3. Ensure internal coherence and coordination of the UN System at the country level and avoid duplication of efforts.

4. Support discussions, upon request, towards a better understanding of the need for cooperation in the field of cybersecurity.

5. Address agency requirements for balancing privacy and confidentiality when conducting their work.

UNDP acknowledges the crucial importance that cybersecurity and combating cybercrime have for developing countries building resilient societies.

As UNDP was the lead organization in drafting the positions on topics 2 and 3 and may be asked to take the lead in the discussion at the meeting.
The CEB is being asked to endorse the paper in its 19-21 November session in Washington, D.C.

Talking Points

  • The Administrator should open her remarks by thanking the experts working group and the members of both HLCM and HLCP for all of the hard work and coordination that went into producing the paper.
  • This paper is an essential first step in addressing the issues of cybersecurity and combating cybercrime, and It shows that the UN System can be a fit-for-purpose organization ready to rapidly solve the new challenges of the digital age.
  • UNDP supports integrating cybersecurity into programme planning since cybersecurity, cybercrime and privacy issues have become global issues that need to be addressed on a worldwide scale and in global forums.
  • Support the integration of cybersecurity into future development programming should include multi-stakeholder engagement and fostering issue-based coalitions as instruments to forge partnerships, beef-up capacities and identify resources.

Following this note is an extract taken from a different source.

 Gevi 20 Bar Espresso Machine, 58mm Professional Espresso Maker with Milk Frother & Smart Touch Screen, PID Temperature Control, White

These topics are also very pertinent to the United Nations system given its mandate to promote peace and security, human rights and development. In this light, the UN can help to:

1. Raise awareness on the relevance of the issue to policy and decision makers at a high-level meeting, including UN gatherings

2. Facilitate the development of local networks of experts to provide technical expertise and advice on the issues based on local contexts and needs, on a demand-driven basis

3. Create communities of practice on cybersecurity and development, as well as the sharing of comparative case studies and compilations of successes and failures.

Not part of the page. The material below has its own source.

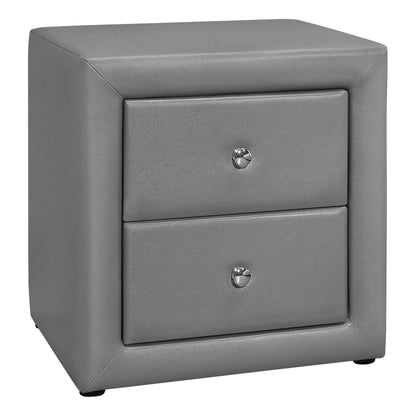 BEDROOM NIGHTSTAND - 21"H / White/Brown/Grey/Black LEATHER-LOOK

This is also directly related to the Connect 2020 resolution which supports the Busan Declaration and shares its values and visions. In particular, Goal 3 of that resolution called to “manage challenges resulting from the telecommunication/ICT development” and called for cybersecurity readiness to be improved by 40% by 2020.

Topic 3 advocates the best way for the UN System to achieve this objective. Accordingly, UNDP promotes internal coherence and coordination within the UN System at the country level for mainstreaming cybersecurity into development programming and avoiding any duplication of efforts. To reach this goal, UNDP supports:

1. Having the HLCM and HLCP, in consultation with existing mechanisms such as the United Nations Group on the Information Society (UNGIS) to appoint a lead agency or agencies to coordinate this effort on a rotating basis

2. Having the High-Level Committees promote cybersecurity programming with the support of a small technical team that could advise on relevant policies and processes within the UN system.

These simple measures should ensure that the UN system achieves its goals on cybersecurity and combating cybercrime in a timely and cost-efficient manner.

All in all, UNDP endorses the paper and its associated action plan.